The need to reduce India’s reliance on gold imports in the face of a rising trade deficit has provided another motivation for the government’s scheme where people can deposit jewellery in banks to earn interest. These developments come at a time when banks are diverting gold towards China and Turkey instead of India, because buyers in those markets are paying higher premiums. As all eyes are fixed on the US Federal Reserve’s monetary policy meeting for interest rate hikes that affect the dollar’s strength, gold prices have remained stagnant in India at Rs 4,670 per gram for 22 carat and Rs 5,100 a gram for 24 carat.
Inflow of gold at lower prices continues
Lower prices had already led to high demand during Diwali when apart from jewellery, Indians also invested in e-gold introduced by the Bombay Stock Exchange, on auspicious days. As jewellers posted profits, Kerala-based Malabar Gold and Diamonds became the first Indian firm to import gold from the UAE under the Compehensive Economic Partnership Act (CEPA). The deal protects businesses against tariff hikes, and provides concessions on duty for gold imported from the UAE, while no levy needs to be paid for yellow metal sent out by Indian jewellers.

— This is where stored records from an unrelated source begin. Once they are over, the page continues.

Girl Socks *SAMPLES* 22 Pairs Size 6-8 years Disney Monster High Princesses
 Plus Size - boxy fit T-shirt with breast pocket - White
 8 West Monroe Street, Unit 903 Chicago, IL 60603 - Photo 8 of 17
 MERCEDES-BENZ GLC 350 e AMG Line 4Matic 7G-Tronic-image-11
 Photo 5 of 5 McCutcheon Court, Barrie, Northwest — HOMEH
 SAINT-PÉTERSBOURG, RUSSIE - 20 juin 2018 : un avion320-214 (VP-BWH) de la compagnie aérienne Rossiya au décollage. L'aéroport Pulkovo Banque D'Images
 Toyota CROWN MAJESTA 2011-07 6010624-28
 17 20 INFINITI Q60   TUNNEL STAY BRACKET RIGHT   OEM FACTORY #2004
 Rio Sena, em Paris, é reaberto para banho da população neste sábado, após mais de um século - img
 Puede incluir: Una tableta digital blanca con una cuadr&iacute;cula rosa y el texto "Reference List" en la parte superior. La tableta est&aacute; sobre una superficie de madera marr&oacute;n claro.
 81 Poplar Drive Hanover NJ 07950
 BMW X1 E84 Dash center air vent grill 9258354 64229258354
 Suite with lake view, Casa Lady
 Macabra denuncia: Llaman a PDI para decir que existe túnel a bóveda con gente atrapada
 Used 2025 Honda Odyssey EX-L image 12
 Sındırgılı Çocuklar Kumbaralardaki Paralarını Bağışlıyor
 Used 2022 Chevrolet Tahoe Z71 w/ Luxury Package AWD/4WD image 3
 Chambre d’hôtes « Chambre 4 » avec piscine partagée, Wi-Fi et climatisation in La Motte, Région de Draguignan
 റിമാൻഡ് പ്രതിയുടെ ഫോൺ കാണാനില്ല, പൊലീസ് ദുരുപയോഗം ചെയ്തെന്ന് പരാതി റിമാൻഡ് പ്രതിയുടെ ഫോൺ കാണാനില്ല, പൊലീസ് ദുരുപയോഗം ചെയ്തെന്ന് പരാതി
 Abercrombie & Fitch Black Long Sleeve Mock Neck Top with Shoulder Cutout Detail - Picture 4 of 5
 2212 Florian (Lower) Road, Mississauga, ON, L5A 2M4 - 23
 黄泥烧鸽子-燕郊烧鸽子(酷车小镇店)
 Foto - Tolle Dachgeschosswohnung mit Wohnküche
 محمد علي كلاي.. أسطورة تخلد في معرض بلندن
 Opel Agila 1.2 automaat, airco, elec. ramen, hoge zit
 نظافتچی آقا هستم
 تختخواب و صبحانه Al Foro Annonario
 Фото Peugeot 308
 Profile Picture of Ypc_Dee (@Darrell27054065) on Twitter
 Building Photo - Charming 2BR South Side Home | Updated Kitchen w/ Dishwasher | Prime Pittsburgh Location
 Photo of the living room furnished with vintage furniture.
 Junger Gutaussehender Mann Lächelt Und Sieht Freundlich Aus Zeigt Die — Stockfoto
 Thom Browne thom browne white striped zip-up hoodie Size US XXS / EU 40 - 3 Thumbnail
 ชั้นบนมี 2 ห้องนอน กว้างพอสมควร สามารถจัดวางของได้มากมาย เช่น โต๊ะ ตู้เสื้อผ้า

Chennai remains the most expensive city to buy gold with 22 carat available at Rs 4,705 per gram and 24 carat for Rs 5,133 a gram.
It is followed by Delhi at Rs 4,690 per gram for 22 carats and Rs 5,116 a gram for 24 carats of the yellow metal.
Mumbai and Kolkata both remained at Rs 4,670 per gram for 22 carat of gold and Rs 5,100 per gram for 24 carats.
Silver also remained steady at Rs 57.5 per gram, tracking the trajectory of the yellow metal, which has been under pressure because of dollar rates.